But after dad finished praying, Mary Lee would always close in prayer. I want to tell you that even as a young boy, I knew her prayer had lifted all of us heavenward. And before saying goodbye, she would clasp my dad’s hand and say, “Brother Jenkins, if I don’t see you again here, I’ll meet you yonder just inside the Eastern Gate.”
I share this to say that those who went before us to plant our church did so, for the most
part, at great personal cost and sacrifice. They had few people, even less money, and in most places were accompanied by hardship. But in the lives of those early leaders, not only did they profess and preach heart holiness, better yet, they lived it. Their lives were transparent, they stood clear and tall for God, and they had an influence and impact because of a holiness that they themselves demonstrated.

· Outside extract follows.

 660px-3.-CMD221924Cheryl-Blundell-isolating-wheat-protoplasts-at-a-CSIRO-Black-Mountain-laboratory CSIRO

None of our preaching is ever any better than our living.
II. The Plus of a Great Theology
The second plus in our favor is that of a great message contained in our theology…
freedom from sin by the power of the Holy Spirit, known as heart holiness…verified and confirmed by Scriptures. It became the foundation and distinction of who we are and what our early preachers and leaders unashamedly proclaimed.
Yet all too often, upon visiting a church in this assignment, someone will say to me, “Orville, we seldom, if ever, hear a message on holiness.”
If we are Nazarenes, there should be a stamp upon us that we cannot escape. Pastor, as a holiness preacher, you are marked for life. Others may not agree and give emphasis elsewhere. But you and I, as holiness people, have no options, no electives, no discount fares, and make no apologies. When you go this way, you go with a purpose, for you go God’s way, without compromise, reservation, or stipulation.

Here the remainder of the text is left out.